Seventeen-year-old Frankie is obsessed with what everyone else is thinking. She can keep up with the chat – from feminism to boys with tattoos – but when it comes to her own ideas, it’s not so easy to hide her lack of confidence.
With the help of her best friend, Haruna, Frankie forms a punk rock girl band to attract the attention of Doc – her spiky-haired, joint-smoking ex-boyfriend. She’s got it all sorted; the Instagram page is live, the handmade posters are everywhere, and the band even has a first gig lined up (even if they are playing to a handful of retired bingo fans). But in her efforts to make the band a success and get Doc to notice her, Frankie starts to care less about what he thinks and more about how much she loves making very loud music. She finally feels a glimpse of who she can be, independent of anyone else.
Then one day, Doc decides he is going to win her back . . .
Punk is nothing without the freedom to be exactly who you want. But what if you’re not sure who that is yet? Can you make your own noise when everyone else seems so much louder than you?
I received this book from the publisher via Net Galley in exchange for an honest review.
This was… so so. The ending did improve it slightly, hence me giving it 2.5 stars, but the start was hard to get into. This is largely due to the fact that Frankie is a selfish, lazy, entitled little moron. She is not an endearing main character. At all. Her only saving grace is how good a friend she is to Ru, when she tries. She is otherwise useless. And as much as she “loves” punk, she clearly doesn’t really know what it’s about.

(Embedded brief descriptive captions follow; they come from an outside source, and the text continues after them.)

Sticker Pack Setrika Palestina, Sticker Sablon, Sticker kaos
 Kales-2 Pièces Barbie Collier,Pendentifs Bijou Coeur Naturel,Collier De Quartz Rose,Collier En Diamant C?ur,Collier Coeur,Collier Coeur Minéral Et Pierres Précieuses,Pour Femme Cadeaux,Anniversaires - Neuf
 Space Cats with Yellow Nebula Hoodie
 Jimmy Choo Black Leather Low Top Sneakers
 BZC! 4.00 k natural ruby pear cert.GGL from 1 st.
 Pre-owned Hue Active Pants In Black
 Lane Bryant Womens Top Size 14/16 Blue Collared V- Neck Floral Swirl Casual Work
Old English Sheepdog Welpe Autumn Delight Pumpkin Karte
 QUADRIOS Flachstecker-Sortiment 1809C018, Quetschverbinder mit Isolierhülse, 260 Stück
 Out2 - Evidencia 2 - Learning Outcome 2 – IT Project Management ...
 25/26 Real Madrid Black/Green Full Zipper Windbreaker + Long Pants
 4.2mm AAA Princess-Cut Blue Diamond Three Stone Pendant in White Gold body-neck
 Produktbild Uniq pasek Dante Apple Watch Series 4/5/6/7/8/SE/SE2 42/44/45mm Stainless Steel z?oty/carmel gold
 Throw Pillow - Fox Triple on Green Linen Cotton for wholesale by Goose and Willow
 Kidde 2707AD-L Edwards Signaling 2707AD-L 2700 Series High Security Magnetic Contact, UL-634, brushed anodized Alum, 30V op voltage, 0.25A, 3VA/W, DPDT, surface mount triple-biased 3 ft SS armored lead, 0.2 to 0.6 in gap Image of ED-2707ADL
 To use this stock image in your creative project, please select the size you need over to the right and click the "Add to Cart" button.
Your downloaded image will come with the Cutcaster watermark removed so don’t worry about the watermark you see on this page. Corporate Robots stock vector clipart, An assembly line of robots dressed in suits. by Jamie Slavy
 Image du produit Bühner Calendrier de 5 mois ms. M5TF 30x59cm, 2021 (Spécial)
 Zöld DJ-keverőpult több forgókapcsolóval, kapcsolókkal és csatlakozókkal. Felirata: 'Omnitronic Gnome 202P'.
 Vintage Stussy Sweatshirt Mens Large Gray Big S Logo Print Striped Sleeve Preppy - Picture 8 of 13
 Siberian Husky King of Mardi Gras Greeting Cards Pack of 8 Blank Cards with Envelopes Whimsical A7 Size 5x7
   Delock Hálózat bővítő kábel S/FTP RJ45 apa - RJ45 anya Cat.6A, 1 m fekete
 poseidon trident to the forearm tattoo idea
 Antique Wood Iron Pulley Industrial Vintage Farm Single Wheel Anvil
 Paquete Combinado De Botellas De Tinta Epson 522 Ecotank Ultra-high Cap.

Ru however is lovely and needs approximately a billion hugs. I really felt for her. And her storyline for me needed more focus, and a little more support. She goes through something horrific and there’s not really much fall out shown from it other than a sudden personality change, an accident, and running away a bit. I feel that I wanted her to get the support she clearly needed. She deals with massive abuse, and just getting away from it isn’t the answer.
The punk music storyline was meh in places, but fun in others. I love music, and punk, so I did like feeling like I was at a gig somewhere, listening to good music in a little sweat box of a venue. But it’s hard to convey that whole kick ass, girls rock I punk vibe with Frankie in the lead. She’s just so entitled, even not really having any reason to be. She gets so much for free from basically having the gift of the gab. Even though later on, she is actually shown to be working on her playing, or dedicating herself to the band in various ways, so much of what she gets is on the coattails of others and she rarely seems to acknowledge that.
Overall, it’s not a terrible book, it’s not also not a great one. It’s a relatively easy read and if you can get over Frankie in the first third, you can probably handle the rest!